OK. This most likely can be tracked, too, but the IDS probably is getting a bit tired and frustrated. More complications are on the way:

1.  The daemon reads from a file into a buffer.
2.  Your UID and GIDs do not have access to this file.
3.  The buffer is transformed though any number of operations into N other buffers.
4.  These secondary memory buffers are further convoluted and transformed.
5.  The secondary buffers are written to the socket by the daemon.
6.  You read the socket.

Still, this seems to be something that an IDS can track. As long as a path can be found from the source buffer to the final memory storage location written to the socket, the IDS will be able to detect that data has been compromised. Before you get another cup of coffee or tea, consider a more complex scenario. The daemon’s first two steps are the same as before. Instead of transforming or copying the buffer as the next step, the daemon follows an algorithm:

1.  Grab the first byte of the buffer and store it as an integer in temporary variable X.
2.  Compute the Xth Fibonacci number and write it to the socket.
3.  Your program reads the socket and computes Fibonacci numbers until you find the same result, and now you know X.

This is really getting hard. Of course, you could have picked a more efficient algorithm. The point is that the path is getting harder to follow. The compromised data is becoming more obscured. Now instead of the path being based on memory copies and elementary transformations, all we know is that part of the buffer was used in computing some function f(x). The result of the function then was written to the buffer. There is more to consider before drawing some conclusions:

1.  Grab the first bit of the buffer and store it in temporary variable X.
2.  If X=1, write an odd number to the socket, else write an even number to the socket.
3.  Your program reads the socket and inverts the previous step.

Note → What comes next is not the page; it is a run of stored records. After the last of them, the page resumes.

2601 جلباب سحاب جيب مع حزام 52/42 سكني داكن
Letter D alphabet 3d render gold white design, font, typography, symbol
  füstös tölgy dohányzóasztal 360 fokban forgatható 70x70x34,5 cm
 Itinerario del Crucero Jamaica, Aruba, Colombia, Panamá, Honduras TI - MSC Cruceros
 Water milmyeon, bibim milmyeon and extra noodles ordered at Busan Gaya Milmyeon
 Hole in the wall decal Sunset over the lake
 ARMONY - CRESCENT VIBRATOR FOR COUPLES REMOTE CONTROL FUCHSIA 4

In this case, the action the daemon took by inspecting the buffer indicates a problem, and not the fact that the buffer itself or some derivative of it was communicated to your program. This is a simple case of a covert channel. Anytime one program can leak at least one bit of information to another program, there is a threat that a read constraint will be violated. Any number of operations not related to the socket could have been performed to leak the bit of information contained in X:

  The daemon could create a file in directory A that is readable by your program when X=1, and create a file in directory B otherwise (where B also is readable by you).
  The daemon could write data into a file that you are allowed to read. Then the daemon reads data back from this file into a buffer. The buffer then is written to the socket for you to read. The IDS would not know, without detailed knowledge of the file’s history, whether the data sent to you was allowed or not. Note that an MLS OS will not permit this operation because it does not allow write down when the operation violates sensitivity labels.
  If X=1, the daemon runs the /bin/true program, else it runs /bin/ls.